─── DATA PROVIDED

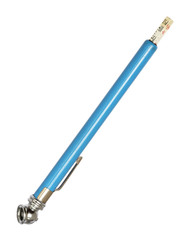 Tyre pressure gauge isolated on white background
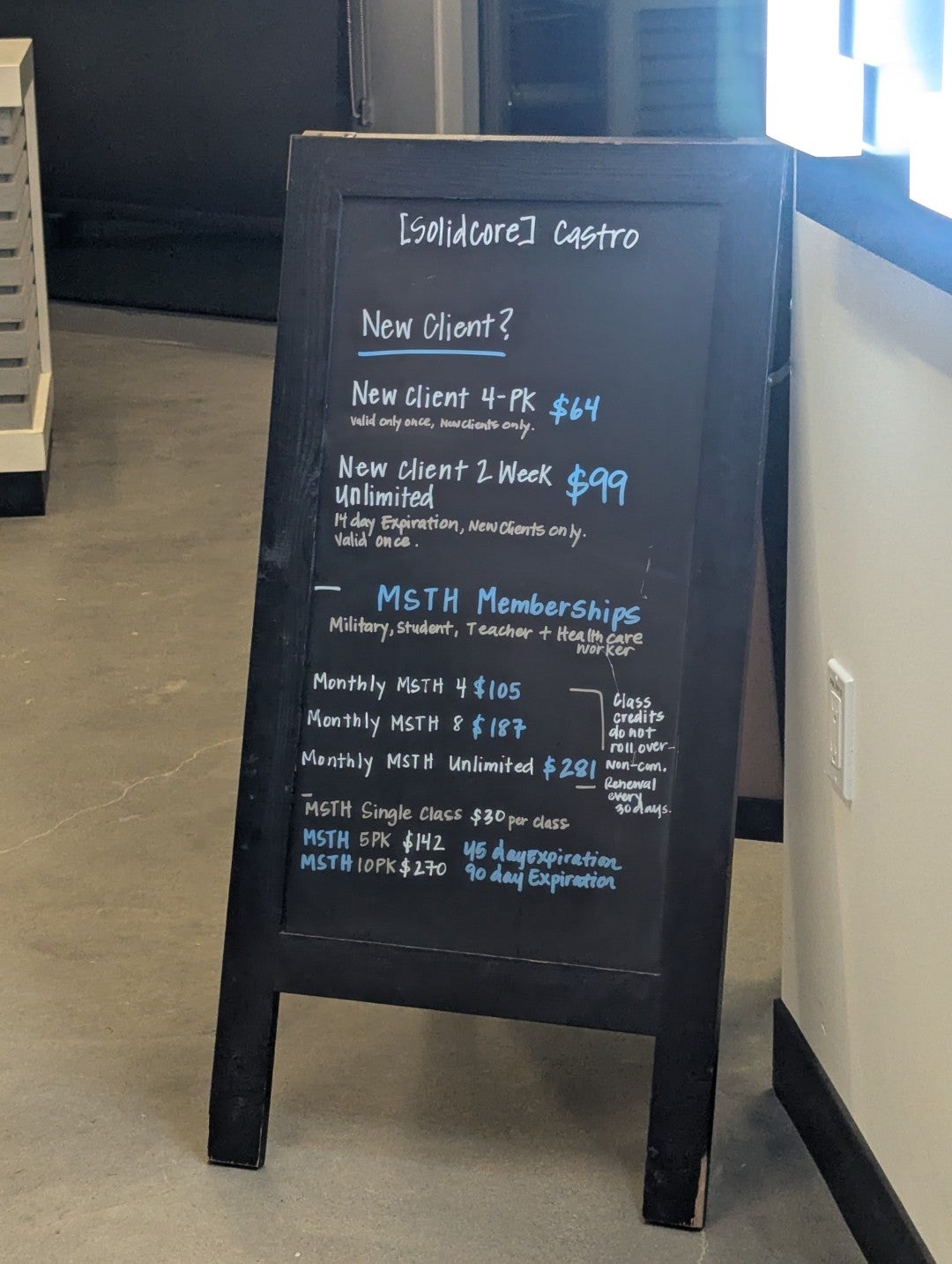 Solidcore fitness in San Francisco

──────
─── DATA PROVIDED

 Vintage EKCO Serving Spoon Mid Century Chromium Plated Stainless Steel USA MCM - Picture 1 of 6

──────

YOUR ASSIGNMENT: Take the material above and output only the lines from the one that contains "Tyre pressure gauge" through the one that contains "Solidcore fitness in San Francisco", ends included and images left out.

OUTPUT:
 Tyre pressure gauge isolated on white background
 Solidcore fitness in San Francisco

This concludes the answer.